Por quê? Porque o mundo que funciona não é o mundo de graça. A globalização, a imigração e a produção são coisas reais e trazem inteligência, inovação e desenvolvimento. Por isso mesmo, os US$ 14 trilhões emprestados ao mercado foram tragados pelo laguinho egoísta do sistema financeiro e dos parasitas nacionais diversos. Agentes e grupos transnacionais vão intensificar suas brigas dentro de todos os países para impedir a cooperação internacional. Mesmo que não botem a cara de fora, protegidos pela invulnerabilidade das redes sociais, usadas como inocentes úteis e baratos. Enquanto isso, os dois lados vão aperfeiçoando os sistemas de mísseis, para botar ordem na bagunça criada pela economia sem lei. Anomias que engolem anomias e produzem novas anomias. Estamos vivendo as várias etapas de uma Revolução Francesa, em que quem ajuda a destruir o primeiro círculo é destruído pela segunda onda, que será, então, pela terceira, quarta, até chegar outro… Napoleão. Tudo isso sem reflexão substantiva. Tudo em nome da facilidade, simplesmente porque depois da internet ninguém olha para os pés.


Aqui, voltamos à Rússia e à Ucrânia que, agora, será governada por um contador de anedotas. O governo russo, desde 2008, é o mais estável do mundo. Com Putin, o maior apoiador dos movimentos digitais anti-establishment na Europa. Aliás, líderes desestabilizadores e estáveis somente ele e Netanyahu em Israel, outro homem das nuvens. A alemã Merkel está fora desse benefício de estabilidade porque faz das tripas coração para manter a Alemanha no topo da Europa, ao preço da destruição da União Europeia. Algo que, paradoxalmente, a aproxima de Putin e Trump, outro parceiro desse jogo eletrônico de comando-controle, na guerra para limar a confiança do mundo em suas regras comuns e instituições coletivas.


O afrouxamento quantitativo leva Moscou a semear a discórdia onde pode para abalar as estruturas do disponível homem das redes.

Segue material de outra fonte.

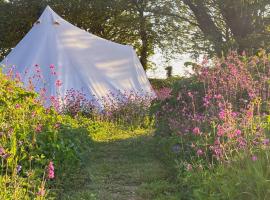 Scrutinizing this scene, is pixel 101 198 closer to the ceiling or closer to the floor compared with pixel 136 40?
closer to the floor

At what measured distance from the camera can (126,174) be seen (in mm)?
7172

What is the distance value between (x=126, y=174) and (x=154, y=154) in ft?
5.14

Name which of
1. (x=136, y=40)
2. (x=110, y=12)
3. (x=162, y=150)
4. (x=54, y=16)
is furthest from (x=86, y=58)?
(x=136, y=40)

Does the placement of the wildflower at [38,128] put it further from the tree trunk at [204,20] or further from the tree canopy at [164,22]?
the tree trunk at [204,20]

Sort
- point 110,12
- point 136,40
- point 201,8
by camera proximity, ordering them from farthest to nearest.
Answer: point 136,40 → point 110,12 → point 201,8

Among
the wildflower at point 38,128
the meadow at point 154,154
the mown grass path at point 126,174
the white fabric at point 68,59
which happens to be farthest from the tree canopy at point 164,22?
the wildflower at point 38,128

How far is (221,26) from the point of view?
2209cm

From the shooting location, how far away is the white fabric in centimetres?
1425

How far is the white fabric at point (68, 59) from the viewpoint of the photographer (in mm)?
14250

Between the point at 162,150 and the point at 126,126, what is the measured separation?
475 cm

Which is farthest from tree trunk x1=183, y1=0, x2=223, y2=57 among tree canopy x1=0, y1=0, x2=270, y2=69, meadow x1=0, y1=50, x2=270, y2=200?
meadow x1=0, y1=50, x2=270, y2=200

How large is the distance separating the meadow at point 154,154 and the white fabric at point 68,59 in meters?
4.63

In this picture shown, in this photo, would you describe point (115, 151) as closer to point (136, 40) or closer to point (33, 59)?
point (33, 59)

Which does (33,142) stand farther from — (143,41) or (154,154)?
(143,41) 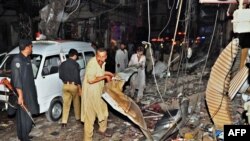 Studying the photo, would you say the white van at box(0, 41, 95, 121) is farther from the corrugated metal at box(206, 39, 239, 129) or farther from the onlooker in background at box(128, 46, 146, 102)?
the corrugated metal at box(206, 39, 239, 129)

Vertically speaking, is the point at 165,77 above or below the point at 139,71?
below

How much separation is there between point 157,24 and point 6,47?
15.9 meters

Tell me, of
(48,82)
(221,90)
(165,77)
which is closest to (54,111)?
(48,82)

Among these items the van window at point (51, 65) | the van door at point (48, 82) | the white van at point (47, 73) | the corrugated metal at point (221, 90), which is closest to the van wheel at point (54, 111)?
the white van at point (47, 73)

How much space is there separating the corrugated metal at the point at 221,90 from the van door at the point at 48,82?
4.17 metres

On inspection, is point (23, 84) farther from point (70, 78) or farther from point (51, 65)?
point (51, 65)

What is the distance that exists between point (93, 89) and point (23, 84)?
146 centimetres

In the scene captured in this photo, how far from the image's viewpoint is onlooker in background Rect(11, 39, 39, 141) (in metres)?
5.83

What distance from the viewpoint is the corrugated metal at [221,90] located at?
714 cm

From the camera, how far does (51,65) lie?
328 inches

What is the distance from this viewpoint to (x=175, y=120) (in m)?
6.84

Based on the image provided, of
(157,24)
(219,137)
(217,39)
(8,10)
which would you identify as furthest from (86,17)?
(157,24)

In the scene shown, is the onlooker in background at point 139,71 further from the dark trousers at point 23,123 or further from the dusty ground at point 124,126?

O apoio vai para qualquer grupo comprometido com avacalhar e dilapidar o mundo que está aí. Inclusive com a eleição de Zelensky, que recebeu apoio de Israel, inimigo da Síria, aliada da Rússia…


Zelensky é outra nuvem. Com a simpatia da Otan e a aceitação deslumbrada da população, veio para desestabilizar o que ainda resta dos contornos do mundo pós Guerra-Fria. Confusões nada liberais para provocar a inflexão final — quando será? —, aproveitando o rastilho de pólvora que queima desde 2008.

Paulo Delgado
Paulo Delgado
Sociólogo, Pós-Graduado em Ciência Política, Professor Universitário, Deputado Constituinte em 1988, exerceu mandatos federais até 2011. Consultor de Empresas e Instituições, escreve para os jornais O Estado de S. Paulo, Estado de Minas e Correio Braziliense.